In Mongolian, the instrument is usually called morin khuur [mɔrin xʊːr] or "horse fiddle".

The full Classical Mongolian name for the morin khuur is morin toloğay’ta quğur, (which in modern Khalkh cyrillic is Морин толгойтой хуур) meaning fiddle with a horse's head. Usually it is abbreviated as "Морин хуур", Latin transcription "Morin huur". In western Mongolia it is known as ikil (Mongolian: икил—not to be confused with the similar Tuvan igil)—while in eastern Mongolia it is known as shoor (Mongolian: Шоор).

One legend about the origin of the morin khuur is that a shepherd named Namjil the Cuckoo (or Khuhuu Namjil) received the gift of a flying horse; he would mount it at night and fly to meet his beloved. A jealous woman had the horse's wings cut off so that the horse fell from the air and died. The grieving shepherd made a horsehead fiddle from the now-wingless horse's skin and tail hair and used it to play poignant songs about his horse.

Another legend credits the invention of the morin khuur to a boy named Sükhe (or Suho). After a wicked lord slew the boy's prized white horse, the horse's spirit came to Sükhe in a dream and instructed him to make an instrument from the horse's body, so the two could still be together and neither would be lonely.
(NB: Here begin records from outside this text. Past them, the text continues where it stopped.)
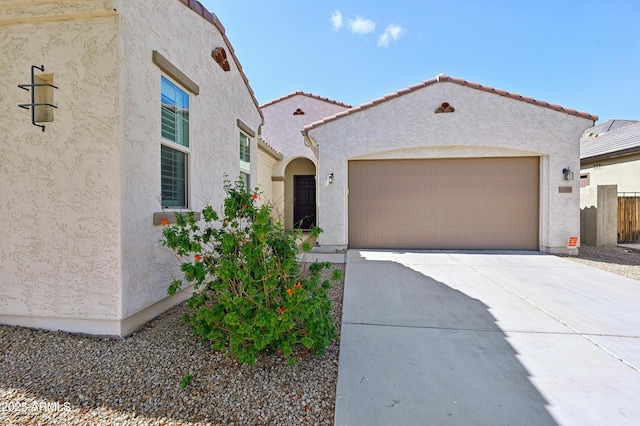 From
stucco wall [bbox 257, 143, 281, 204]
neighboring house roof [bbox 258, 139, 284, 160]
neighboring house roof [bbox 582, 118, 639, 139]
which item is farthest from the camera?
neighboring house roof [bbox 582, 118, 639, 139]

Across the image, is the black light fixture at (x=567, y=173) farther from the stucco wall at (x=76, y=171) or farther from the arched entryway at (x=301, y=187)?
the stucco wall at (x=76, y=171)

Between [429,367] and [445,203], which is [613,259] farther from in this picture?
[429,367]

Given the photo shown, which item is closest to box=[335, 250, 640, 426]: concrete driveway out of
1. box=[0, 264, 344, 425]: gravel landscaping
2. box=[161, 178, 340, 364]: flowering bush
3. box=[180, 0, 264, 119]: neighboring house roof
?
box=[0, 264, 344, 425]: gravel landscaping

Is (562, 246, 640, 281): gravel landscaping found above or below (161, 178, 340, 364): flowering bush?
below

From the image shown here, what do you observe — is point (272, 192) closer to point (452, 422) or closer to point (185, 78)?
point (185, 78)

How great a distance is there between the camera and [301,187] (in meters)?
14.5

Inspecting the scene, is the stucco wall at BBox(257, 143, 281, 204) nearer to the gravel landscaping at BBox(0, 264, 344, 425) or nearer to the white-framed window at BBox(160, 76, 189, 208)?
the white-framed window at BBox(160, 76, 189, 208)

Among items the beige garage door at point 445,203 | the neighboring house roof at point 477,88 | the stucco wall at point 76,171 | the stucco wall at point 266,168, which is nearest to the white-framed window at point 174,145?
the stucco wall at point 76,171

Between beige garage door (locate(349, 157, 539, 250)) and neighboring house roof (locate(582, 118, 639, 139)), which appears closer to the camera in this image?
beige garage door (locate(349, 157, 539, 250))

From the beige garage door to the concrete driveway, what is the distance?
10.0ft

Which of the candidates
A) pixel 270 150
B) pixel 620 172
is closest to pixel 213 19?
pixel 270 150

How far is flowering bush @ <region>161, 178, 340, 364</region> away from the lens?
2523 mm

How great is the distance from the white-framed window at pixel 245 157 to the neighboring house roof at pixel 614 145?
15983 mm

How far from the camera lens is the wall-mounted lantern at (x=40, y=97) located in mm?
3156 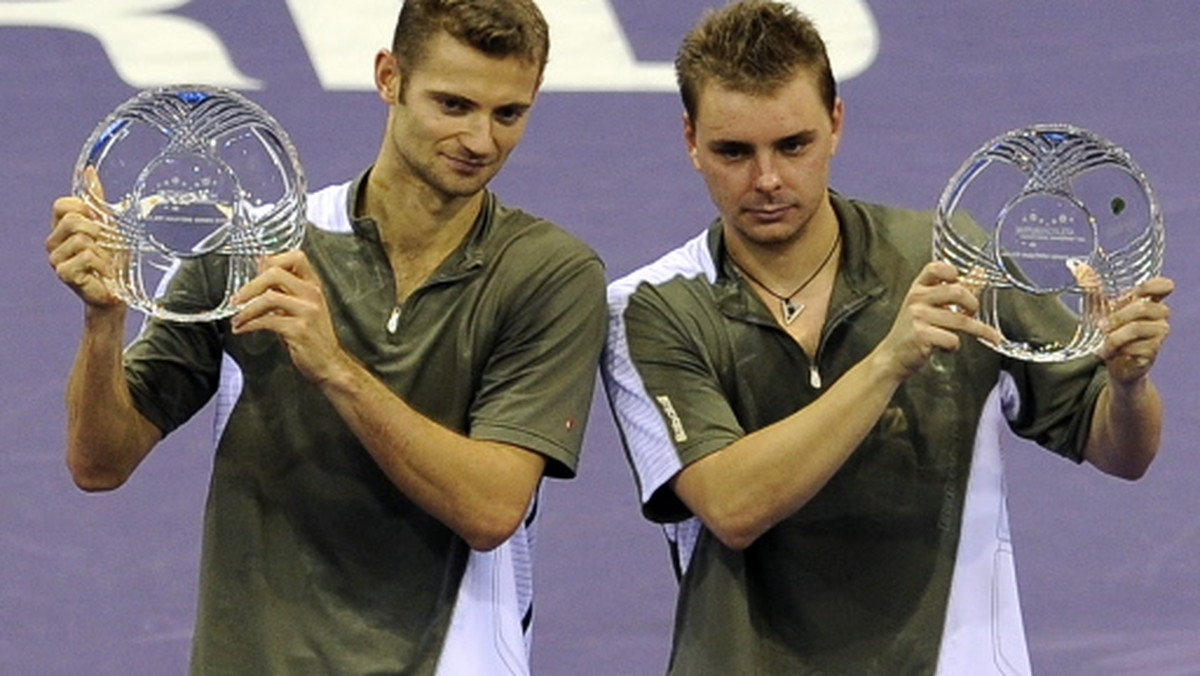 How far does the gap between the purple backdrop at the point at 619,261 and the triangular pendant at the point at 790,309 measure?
145cm

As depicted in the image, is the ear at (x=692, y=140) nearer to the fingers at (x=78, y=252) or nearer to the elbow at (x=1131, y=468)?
the elbow at (x=1131, y=468)

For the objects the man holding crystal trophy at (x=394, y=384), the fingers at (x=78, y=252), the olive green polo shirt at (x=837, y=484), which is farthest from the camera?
the olive green polo shirt at (x=837, y=484)

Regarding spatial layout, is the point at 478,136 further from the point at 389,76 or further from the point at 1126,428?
the point at 1126,428

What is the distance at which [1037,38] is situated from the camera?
722 cm

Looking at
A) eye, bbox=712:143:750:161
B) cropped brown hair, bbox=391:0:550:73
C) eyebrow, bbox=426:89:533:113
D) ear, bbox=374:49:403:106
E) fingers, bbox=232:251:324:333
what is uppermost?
cropped brown hair, bbox=391:0:550:73

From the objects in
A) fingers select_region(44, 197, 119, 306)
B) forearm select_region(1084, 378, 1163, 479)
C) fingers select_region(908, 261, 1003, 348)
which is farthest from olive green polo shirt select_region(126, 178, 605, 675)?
forearm select_region(1084, 378, 1163, 479)

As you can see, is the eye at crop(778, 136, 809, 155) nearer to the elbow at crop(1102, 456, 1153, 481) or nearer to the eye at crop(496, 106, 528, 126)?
the eye at crop(496, 106, 528, 126)

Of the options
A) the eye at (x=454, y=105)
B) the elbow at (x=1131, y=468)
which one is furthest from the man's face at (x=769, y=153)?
the elbow at (x=1131, y=468)

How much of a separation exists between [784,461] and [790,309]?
0.31m

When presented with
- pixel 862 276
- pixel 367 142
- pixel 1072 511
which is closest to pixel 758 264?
pixel 862 276

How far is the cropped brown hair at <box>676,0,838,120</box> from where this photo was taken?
4.32 metres

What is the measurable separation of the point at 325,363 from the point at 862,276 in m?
0.83

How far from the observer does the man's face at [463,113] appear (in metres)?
4.31

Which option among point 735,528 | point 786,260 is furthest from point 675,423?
point 786,260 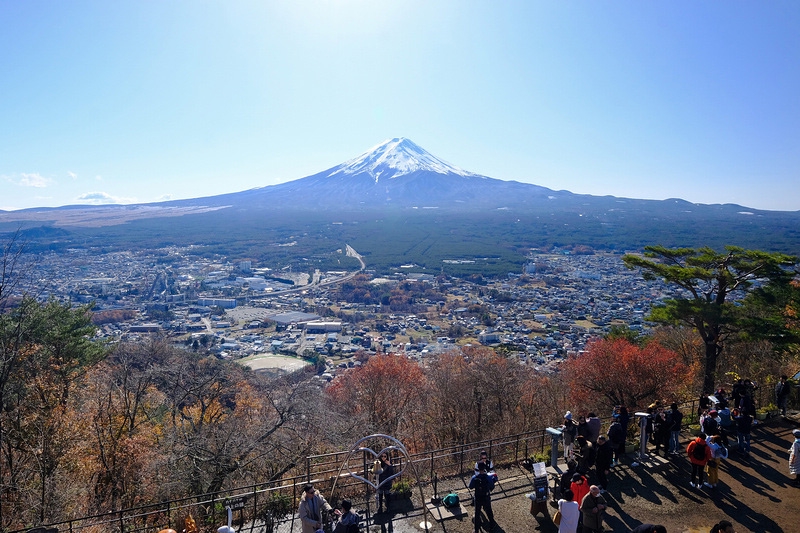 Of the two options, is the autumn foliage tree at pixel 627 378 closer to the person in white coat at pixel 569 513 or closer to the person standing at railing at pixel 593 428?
the person standing at railing at pixel 593 428

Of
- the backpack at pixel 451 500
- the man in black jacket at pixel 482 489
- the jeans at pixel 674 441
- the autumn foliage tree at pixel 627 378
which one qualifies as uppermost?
the man in black jacket at pixel 482 489

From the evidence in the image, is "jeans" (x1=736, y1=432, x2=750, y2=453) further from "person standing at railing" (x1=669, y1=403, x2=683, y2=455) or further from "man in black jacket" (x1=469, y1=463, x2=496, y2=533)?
"man in black jacket" (x1=469, y1=463, x2=496, y2=533)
So the first morin khuur was assembled, with horse bones as its neck, horsehair strings, horse skin covering its wooden soundbox, and its scroll carved into the shape of a horse head.

The fact that most of the eastern Turkic neighbors of the Mongols possess similar horse hair instruments (such as the Tuvan igil, the Kazakh kobyz, or the Kyrgyz Kyl kyyak), though not western Turkic, may point to a possible origin amongst peoples that once inhabited the Mongolian Steppe,[citation needed] and migrated to what is now Tuva, Kazakhstan and Kyrgyzstan.